That's because you think my business runs just like yours, which it doesnt.

I don't work on any jobs farther then 20 miles away. 

No sub ever does a site visit, they bid everything off of a PDF file I email them. 

I have 14 projects in different states of progress right now, some just about to complete, some in the middle of, some about to start, some with customers still choosing final materials... making 14x10 phone calls = 140 phone calls to tell a sub he didn't get a job. That would ruin more than one of my days.

That's the beauty of dealing with contractors all over the country on a forum like this, chances are the other guy is doing things completly different then you or I am so you have to understand that judging everything off your own personal experiences might not have anything to do with another posters experiences.

There are guys on here doing $10,000 worth of work a year and $10,000,000, and everything in between. If you're doing multiple bids per trade, you're most likely not in a small town market and things are going to operate a little bit more streamline or you'll be burying yourself in the mundane details and won't get anything done.


----------



## CookeCarpentry (Feb 26, 2009)

I'll be honest, here....I don't usually have more than 1 sub bid on a particular aspect of a job.

I know my plumber, my hvac and my electrician are the best I can find, I don't have the time or inclination to bring in 2 other for each trade.

Though, I admit, that roofing subs I have had a hard time with, so I may have 2-3 on that...until I find one that works well with my business.

I know I might take some criticism for this, but it's how I roll :laughing:

Part of my job is to make sure my customer has the best possible experience in their remodel. If I was price shopping subs all the time, I don't know how I could guarantee that.


----------



## THINKPAINTING (Feb 24, 2007)

It was always protocol to let subs know who is bidding and who won and what the other bids were. For instance I will not bid against a lot of painters here cause there’s no way we will beat them so why waste my time. If I ask a GC which I always do, is XYZ Painting also giving you a price and they yes it saves me from wasting my time I m not a bid checker.
Things have changed so much was a whole different ballgame when I started. You’re the GC if you don’t want to tell them that’s up to you but do me a favor my time is just as valuable as yours and we are all busy running work..


----------



## carolinahandyma (Jan 6, 2006)

tcleve4911 said:


> When you have 3 subs that you like, bidding on a task, do you let them know that there are other players?
> 
> Do you tell them who they are?
> 
> ...


It's a 2-way street. You need the subs to get your projects done and they need you. This is a business relationship and like any relationship you need to put some effort into it in order to get something out of it, but so does the sub. I think contacting the sub that didn't get the job isn't a bad idea just in a sense of building building that relationship. The sub can just as easily contact you.


----------



## Mike Finley (Apr 28, 2004)

THINKPAINTING said:


> It was always protocol to let subs know who is bidding and who won and what the other bids were. For instance I will not bid against a lot of painters here cause there’s no way we will beat them so why waste my time. If I ask a GC which I always do, is XYZ Painting also giving you a price and they yes it saves me from wasting my time I m not a bid checker.
> Things have changed so much was a whole different ballgame when I started. You’re the GC if you don’t want to tell them that’s up to you but do me a favor my time is just as valuable as yours and we are all busy running work..

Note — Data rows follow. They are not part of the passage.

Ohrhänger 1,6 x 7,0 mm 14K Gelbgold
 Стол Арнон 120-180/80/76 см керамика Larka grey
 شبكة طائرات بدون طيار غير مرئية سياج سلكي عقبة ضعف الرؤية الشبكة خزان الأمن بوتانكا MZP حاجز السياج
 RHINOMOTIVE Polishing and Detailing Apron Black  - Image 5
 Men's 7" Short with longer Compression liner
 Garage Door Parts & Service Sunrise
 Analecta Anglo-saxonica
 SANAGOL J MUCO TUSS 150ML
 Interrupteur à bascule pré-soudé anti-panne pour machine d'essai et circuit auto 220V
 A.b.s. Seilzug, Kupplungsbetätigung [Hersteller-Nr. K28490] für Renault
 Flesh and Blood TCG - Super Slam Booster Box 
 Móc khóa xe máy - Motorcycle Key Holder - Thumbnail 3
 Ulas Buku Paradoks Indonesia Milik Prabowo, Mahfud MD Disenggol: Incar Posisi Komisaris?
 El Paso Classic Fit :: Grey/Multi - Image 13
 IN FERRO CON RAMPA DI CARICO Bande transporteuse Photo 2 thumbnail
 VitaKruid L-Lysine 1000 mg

If your time is so flipping valuable why wouldn't you pick up the phone and call the GC then? Anybody who's time is so valuable I'd think would need to stay on top of their sh*t and would keeping things organized and their schedule in order.

I think there is so much posing and bullsh*t on these forums it's not even funny. I think half the people who go off on how IT SHOULD BE DONE haven't submitted a bid in 6 months cause the reactions don't jive with reality.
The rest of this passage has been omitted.